Im Moment spüren die Besitzer von Ölheizungen natürlich auch den nahenden Winter. „Mit den überraschend niedrigen Temperaturen Ende September rückte die nahende Heizperiode ins Bewusstsein“, sagt Eric Heymann, Volkswirt bei der Deutschen Bank Research. Tecson registriert regionale Knappheiten und lange Lieferzeiten.
Zusätzlich kürzen jetzt auch noch die Öl-Förderländer der OPEC die Produktion: „Mit dem aktuellen OPEC-Beschluss ist davon auszugehen, dass die Mineralölpreise weiter klettern werden“, prognostiziert Tecson. Die erdölexportierenden Staaten hatten in der vergangenen Woche bekannt gegeben, ihre Förderung um insgesamt zwei Millionen Barrel am Tag zu kürzen. Sie reagierten damit auf die sich abkühlende Konjunktur in vielen Teilen der Welt. Die Förderländer antizipieren eine sinkende Nachfrage und fahren die Produktion zurück. Damit hatte der Markt allerdings gerechnet und die erwarteten Effekte über Preiserhöhungen ein Stück weit vorweggenommen.

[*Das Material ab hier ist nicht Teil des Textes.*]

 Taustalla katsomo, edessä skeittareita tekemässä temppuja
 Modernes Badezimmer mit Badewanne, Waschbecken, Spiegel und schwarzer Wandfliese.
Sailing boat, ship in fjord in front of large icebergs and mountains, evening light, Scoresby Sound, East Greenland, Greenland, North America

Verschärft werden die Wirkungen von Preiserhöhungen durch den schwächelnden Euro, der die Ölimporte zusätzlich verteuert. „Mit den Preissetzungen der Heizölhändler ergaben sich in allen Regionen bereits merkliche Verteuerungen in einem Bereich von zwei bis viereinhalb Cent pro Liter“, registriert Tecson. Besserung sei erst einmal nicht in Sicht.

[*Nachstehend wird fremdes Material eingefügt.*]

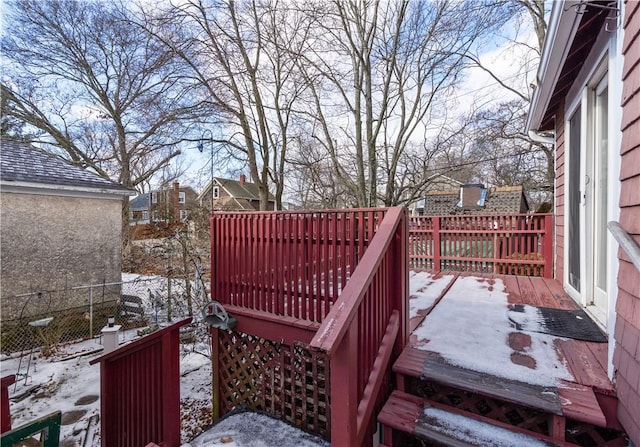 view of snow covered deck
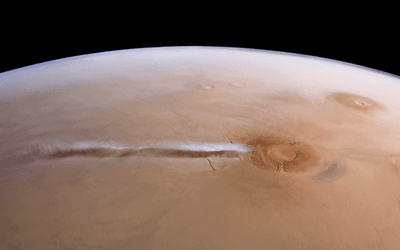 Tan-coloured horizontal rectangle showing part of the surface of Mars imaged by an orbiting satellite. Above the curved horizon is space. To the lower right of the image is a volcano. Stretching to the left of the volcano is a long wisp of white cloud, which seems to emanate from the volcano. We also see the shadow of the cloud just below the cloud itself.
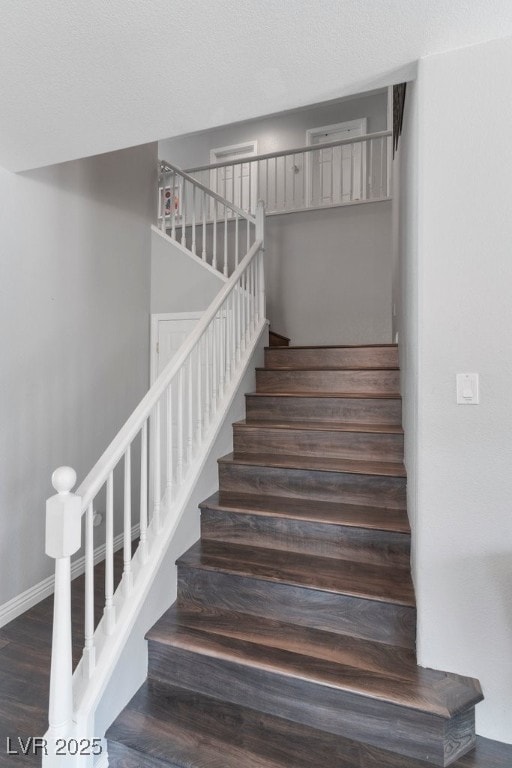 stairway with hardwood / wood-style flooring and a textured ceiling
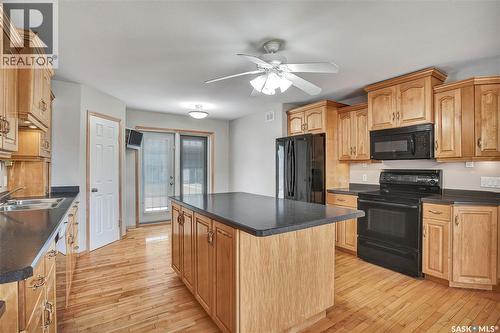 201 Centennial Road, Hague, SK - Indoor Photo Showing Kitchen With Double Sink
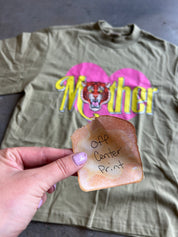 An olive green t-shirt with a pink heart and yellow 'Mother' tiger graphic, with a hand holding a piece of toast marked 'Off Center Print' in front of it.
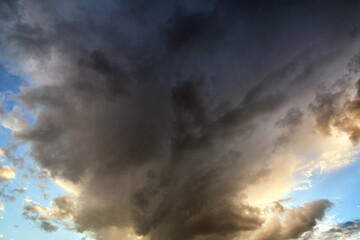 Landscape of dark clouds forming on stormy sky during thunderstorm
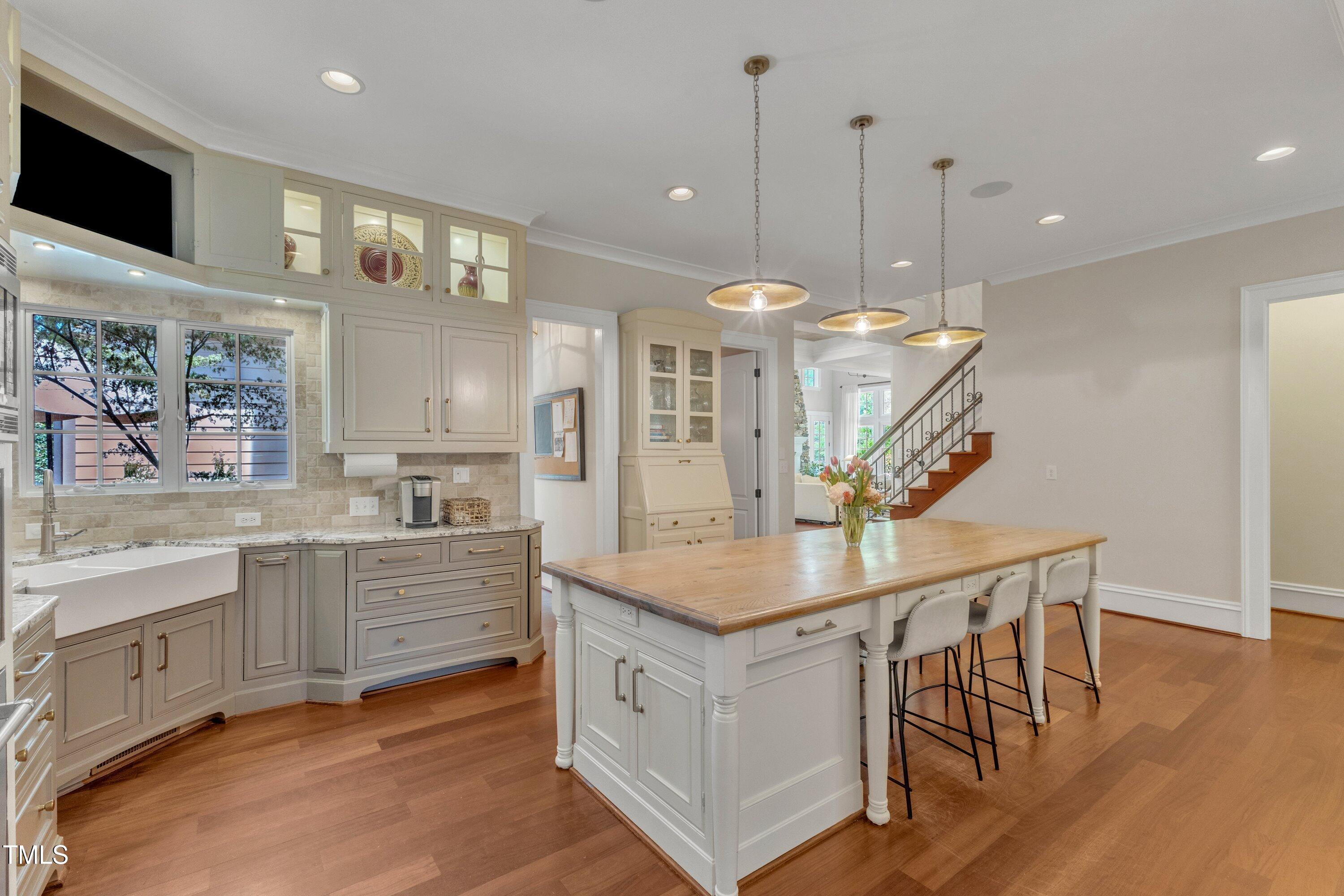 2117 Buckingham Road Raleigh, NC 27607 - Photo 14 of 82 a kitchen with stainless steel appliances granite countertop a kitchen island a stove and a sink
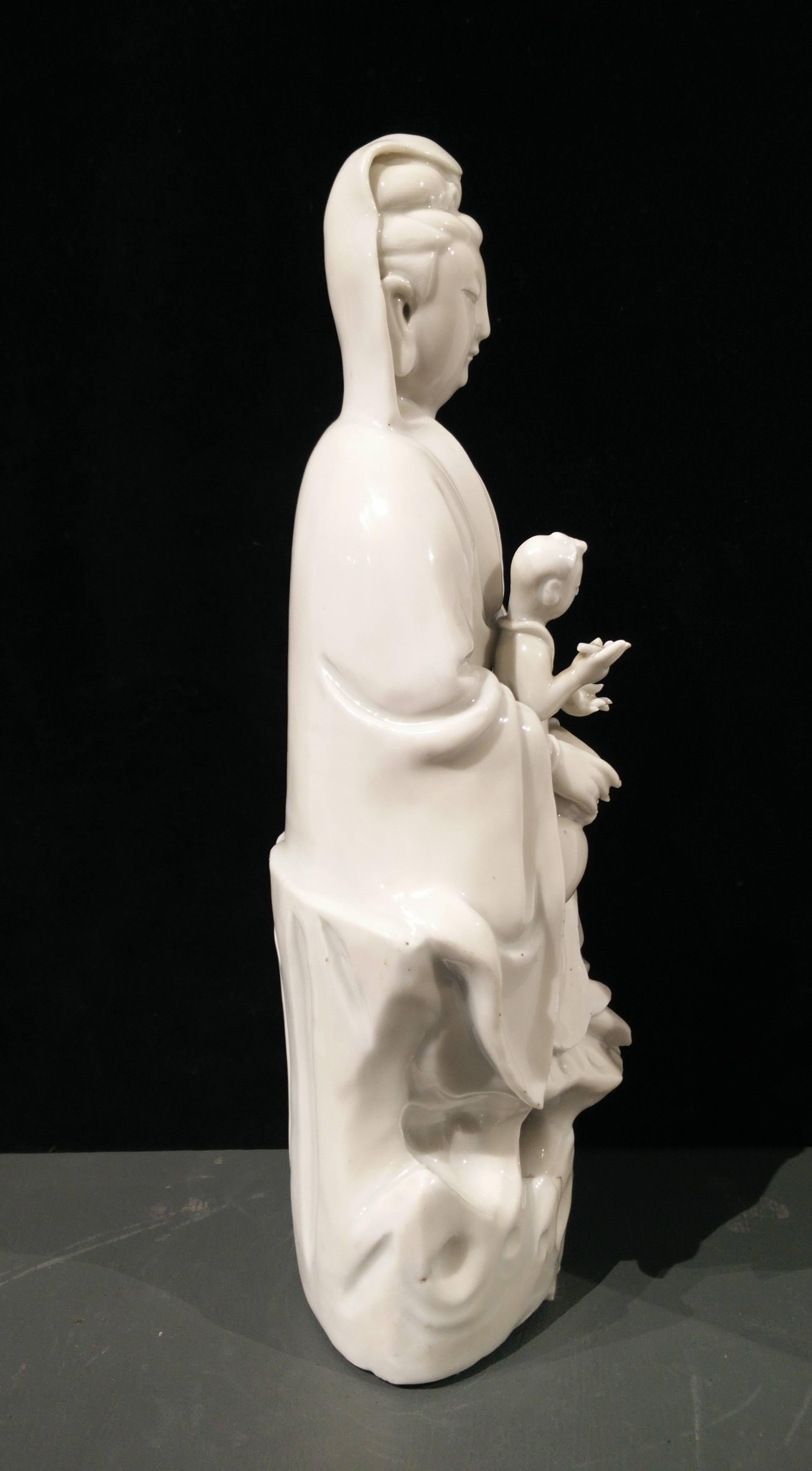 Qing 18th Century Chinese Blanc-de-Chine Porcelain Figure of Guanyin with Child For Sale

Inzwischen dämpfen allerdings weltweite Konjunktursorgen den Preisanstieg. Wenn die Industrie weniger produziert, sinkt die Nachfrage nach Brennstoffen. Die Heizölpreise befänden sich dennoch auf sehr hohem Preisniveau, registriert Tecson. Noch unklar sind aktuell die Folgen des Lecks an der Druschba-Ölpipeline, die russisches Öl nach Mitteleuropa liefert.
In Frankreich gehen überdies die Streiks in den Raffinerien weiter. Die Kraftstoffproduktion ist dadurch seit Wochen deutlich verringert.
„Die dramatisch gestiegenen Preise für Wärmeenergie drohen die finanzielle Leistungsfähigkeit privater Haushalte und Unternehmen in erheblichem Ausmaß zu überfordern“, meldet der Verband für Energiehandel Südwest-Mitte, der die Interessen von rund 350 Mitgliedsfirmen - unter anderem aus Baden-Württemberg, Rheinland-Pfalz und Hessen - vertritt. Die Bestellaktivität der Heizölverbraucher sei zuletzt stark zurückgegangen, registriert Tecson. Allerdings sind durch den vorausgegangenen Bestellboom die Auftragsbücher bei den Heizölhändlern voll. Die Lieferzeiten bewegen sich bei drei bis fünf Wochen.